Exercise aim => Exact copies of the lines below are the goal; any images in them are dropped.

Dataset extract =>
━━━━━━

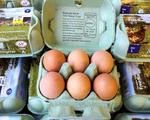 Free range eggs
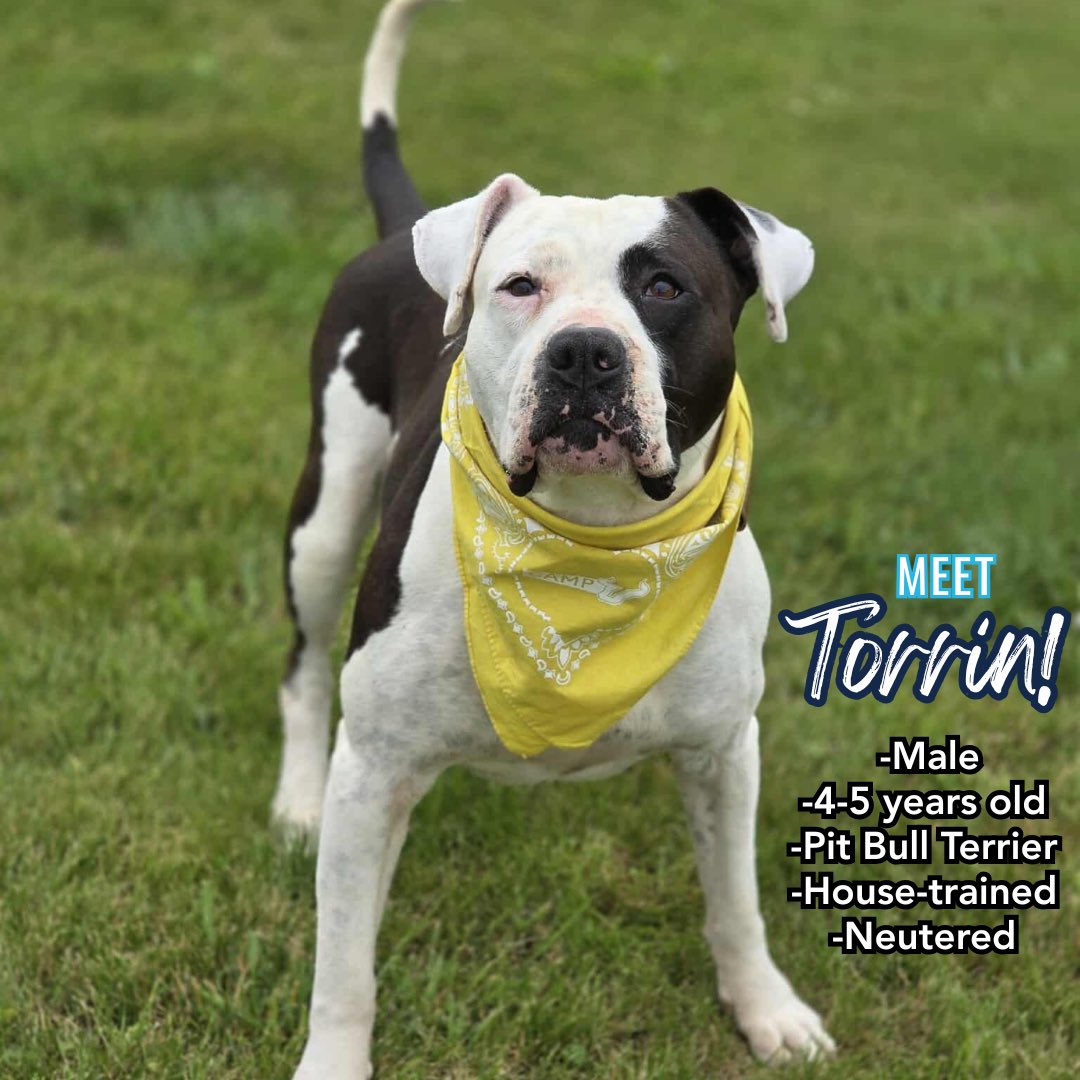 It’s Dog Days of Summer! Meet Torrin from Effingham County Animal Shelter.
 
This sweetheart came in rough shape but hasn’t stopped smiling. He’s goofy, loves belly rubs &amp; squeaky toys, &amp; is powering through heartworm treatment like a champ.

Learn more: effinghamcountyil.gov/animal-care-co…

━━━━━━

Written response =>
 Free range eggs
 It’s Dog Days of Summer! Meet Torrin from Effingham County Animal Shelter.
 
This sweetheart came in rough shape but hasn’t stopped smiling. He’s goofy, loves belly rubs &amp; squeaky toys, &amp; is powering through heartworm treatment like a champ.

Learn more: effinghamcountyil.gov/animal-care-co…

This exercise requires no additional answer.